Recently asked / exam angle
- EM correlation MCQs are perennial: "Diffuse foot-process effacement with normal LM and negative IF" → MCD; "subepithelial deposits with spikes" → membranous; "subendothelial deposits + tram-tracking" → MPGN-I.
- Anti-PLA2R as the antibody for primary membranous — repeatedly tested image/marker question.
- HIV → collapsing FSGS, and obesity → secondary FSGS.
- Renal vein thrombosis ↔ membranous association.
- Steroid responsiveness pattern: MCD (responsive) vs FSGS (resistant) is a favourite "best answer" distractor set.
- Congo red apple-green birefringence and fibril diameter (8–12 nm) for amyloid.
- Kimmelstiel-Wilson nodules and microalbuminuria as earliest diabetic marker.
- Silver-stain "spike and dome" image identification for membranous nephropathy.
Rapid revision
- Nephrotic syndrome = proteinuria > 3.5 g/day + albumin < 3 g/dL + oedema + hyperlipidaemia/lipiduria.
- RBC casts → nephritic, not nephrotic.
- MCD = commonest in children, normal LM, negative IF, foot-process effacement on EM, steroid-responsive; linked to Hodgkin lymphoma & NSAIDs.
- FSGS = commonest in adults; HIV (collapsing), obesity, APOL1; steroid-resistant; recurs post-transplant.
- Membranous = subepithelial deposits, "spike and dome," granular IgG/C3, anti-PLA2R; commonest cause of renal vein thrombosis.
- Membranous causes: HBV, drugs (penicillamine/gold), solid tumours, SLE class V.
- MPGN = tram-track GBM; type I subendothelial (HCV); dense deposit disease → C3 nephritic factor, low C3.
- Amyloid = Congo red apple-green birefringence, 8–12 nm fibrils; AL (myeloma) / AA (chronic inflammation).
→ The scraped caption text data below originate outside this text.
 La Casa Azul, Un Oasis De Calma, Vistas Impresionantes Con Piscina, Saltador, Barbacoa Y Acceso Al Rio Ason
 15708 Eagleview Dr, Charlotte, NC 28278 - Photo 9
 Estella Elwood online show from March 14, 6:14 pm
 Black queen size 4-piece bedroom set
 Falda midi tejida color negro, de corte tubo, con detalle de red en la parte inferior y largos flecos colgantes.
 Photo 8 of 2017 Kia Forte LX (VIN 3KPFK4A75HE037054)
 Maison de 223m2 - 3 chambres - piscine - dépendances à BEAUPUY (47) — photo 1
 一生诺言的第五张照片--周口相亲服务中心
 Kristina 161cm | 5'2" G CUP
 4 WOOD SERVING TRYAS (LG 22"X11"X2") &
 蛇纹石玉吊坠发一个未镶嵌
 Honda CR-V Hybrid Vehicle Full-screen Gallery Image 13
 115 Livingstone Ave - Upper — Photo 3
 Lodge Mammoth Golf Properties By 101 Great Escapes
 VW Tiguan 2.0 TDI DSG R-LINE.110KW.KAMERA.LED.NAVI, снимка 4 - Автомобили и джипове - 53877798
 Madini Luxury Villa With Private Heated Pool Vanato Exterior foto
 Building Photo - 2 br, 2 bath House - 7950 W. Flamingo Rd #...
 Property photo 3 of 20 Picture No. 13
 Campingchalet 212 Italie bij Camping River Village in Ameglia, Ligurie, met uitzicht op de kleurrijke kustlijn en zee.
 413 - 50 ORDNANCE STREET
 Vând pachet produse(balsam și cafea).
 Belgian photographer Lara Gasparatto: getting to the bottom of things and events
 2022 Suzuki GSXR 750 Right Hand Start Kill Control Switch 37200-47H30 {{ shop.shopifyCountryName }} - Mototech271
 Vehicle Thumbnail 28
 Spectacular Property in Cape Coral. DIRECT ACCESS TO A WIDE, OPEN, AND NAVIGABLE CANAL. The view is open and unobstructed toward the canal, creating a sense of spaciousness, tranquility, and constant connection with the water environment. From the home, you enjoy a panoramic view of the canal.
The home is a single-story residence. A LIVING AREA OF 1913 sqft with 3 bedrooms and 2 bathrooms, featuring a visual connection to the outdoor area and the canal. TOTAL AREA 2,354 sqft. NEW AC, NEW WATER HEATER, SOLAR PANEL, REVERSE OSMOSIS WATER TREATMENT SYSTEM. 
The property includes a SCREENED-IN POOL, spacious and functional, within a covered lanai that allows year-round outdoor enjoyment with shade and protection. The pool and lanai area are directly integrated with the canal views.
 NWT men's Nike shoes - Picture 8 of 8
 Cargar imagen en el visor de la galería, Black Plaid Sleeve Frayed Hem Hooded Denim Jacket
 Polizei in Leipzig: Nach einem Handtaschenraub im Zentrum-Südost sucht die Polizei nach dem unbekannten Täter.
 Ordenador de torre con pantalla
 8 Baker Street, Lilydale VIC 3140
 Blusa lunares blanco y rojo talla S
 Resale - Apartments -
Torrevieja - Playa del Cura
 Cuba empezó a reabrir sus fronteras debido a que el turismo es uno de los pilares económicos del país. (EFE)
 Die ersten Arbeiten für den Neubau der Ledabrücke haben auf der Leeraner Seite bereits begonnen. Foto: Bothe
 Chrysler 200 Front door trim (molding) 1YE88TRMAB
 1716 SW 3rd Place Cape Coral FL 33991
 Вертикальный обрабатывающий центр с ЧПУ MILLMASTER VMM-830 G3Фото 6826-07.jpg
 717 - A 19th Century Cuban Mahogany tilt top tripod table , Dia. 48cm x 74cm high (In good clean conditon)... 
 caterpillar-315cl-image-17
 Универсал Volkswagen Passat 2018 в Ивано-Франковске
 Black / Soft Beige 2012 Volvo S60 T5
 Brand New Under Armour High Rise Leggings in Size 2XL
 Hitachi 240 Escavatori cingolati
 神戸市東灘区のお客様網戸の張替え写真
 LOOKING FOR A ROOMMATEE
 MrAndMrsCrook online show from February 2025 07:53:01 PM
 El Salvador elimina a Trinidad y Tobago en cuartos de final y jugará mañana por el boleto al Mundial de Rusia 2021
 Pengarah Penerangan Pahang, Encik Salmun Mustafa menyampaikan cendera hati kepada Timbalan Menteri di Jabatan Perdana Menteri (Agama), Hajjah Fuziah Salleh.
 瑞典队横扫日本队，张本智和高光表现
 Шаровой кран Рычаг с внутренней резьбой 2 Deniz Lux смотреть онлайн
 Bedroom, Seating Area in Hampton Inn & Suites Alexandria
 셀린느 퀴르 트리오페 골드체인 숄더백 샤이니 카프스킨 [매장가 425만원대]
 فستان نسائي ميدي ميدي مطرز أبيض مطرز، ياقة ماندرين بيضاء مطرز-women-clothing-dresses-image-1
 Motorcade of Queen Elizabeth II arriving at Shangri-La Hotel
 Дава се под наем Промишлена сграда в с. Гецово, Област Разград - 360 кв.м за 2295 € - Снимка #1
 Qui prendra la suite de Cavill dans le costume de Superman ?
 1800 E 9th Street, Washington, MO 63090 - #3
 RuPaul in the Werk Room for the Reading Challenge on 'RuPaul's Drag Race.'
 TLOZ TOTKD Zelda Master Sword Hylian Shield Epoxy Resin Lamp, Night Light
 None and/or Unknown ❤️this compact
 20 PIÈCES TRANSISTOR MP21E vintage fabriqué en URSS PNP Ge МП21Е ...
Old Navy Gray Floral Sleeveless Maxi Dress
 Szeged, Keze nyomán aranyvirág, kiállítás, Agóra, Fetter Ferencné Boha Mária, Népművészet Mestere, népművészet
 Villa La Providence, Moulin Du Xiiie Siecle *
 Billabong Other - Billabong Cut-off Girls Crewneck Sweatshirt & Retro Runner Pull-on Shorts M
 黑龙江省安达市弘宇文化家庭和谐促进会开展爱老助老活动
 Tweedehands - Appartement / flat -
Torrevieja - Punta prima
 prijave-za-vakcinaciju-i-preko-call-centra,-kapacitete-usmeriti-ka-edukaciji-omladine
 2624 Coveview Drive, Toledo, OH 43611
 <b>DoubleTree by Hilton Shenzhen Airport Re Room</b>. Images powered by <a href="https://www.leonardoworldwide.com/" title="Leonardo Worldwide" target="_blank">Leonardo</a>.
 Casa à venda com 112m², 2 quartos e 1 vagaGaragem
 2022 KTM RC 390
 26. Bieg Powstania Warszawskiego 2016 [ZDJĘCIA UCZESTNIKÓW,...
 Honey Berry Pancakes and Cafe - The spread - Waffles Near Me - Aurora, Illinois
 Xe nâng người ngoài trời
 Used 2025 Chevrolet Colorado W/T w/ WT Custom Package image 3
- Diabetic nephropathy = Kimmelstiel-Wilson nodules; earliest sign microalbuminuria.
- Deposit sites — Subepithelial = membranous; subendothelial = MPGN/lupus; intramembranous = dense deposit disease.
- DOC: MCD → prednisolone; primary membranous → rituximab / Ponticelli; all → ACEi/ARB for proteinuria.
- Biopsy with EM is the gold standard to subtype; children with typical disease are treated empirically without biopsy.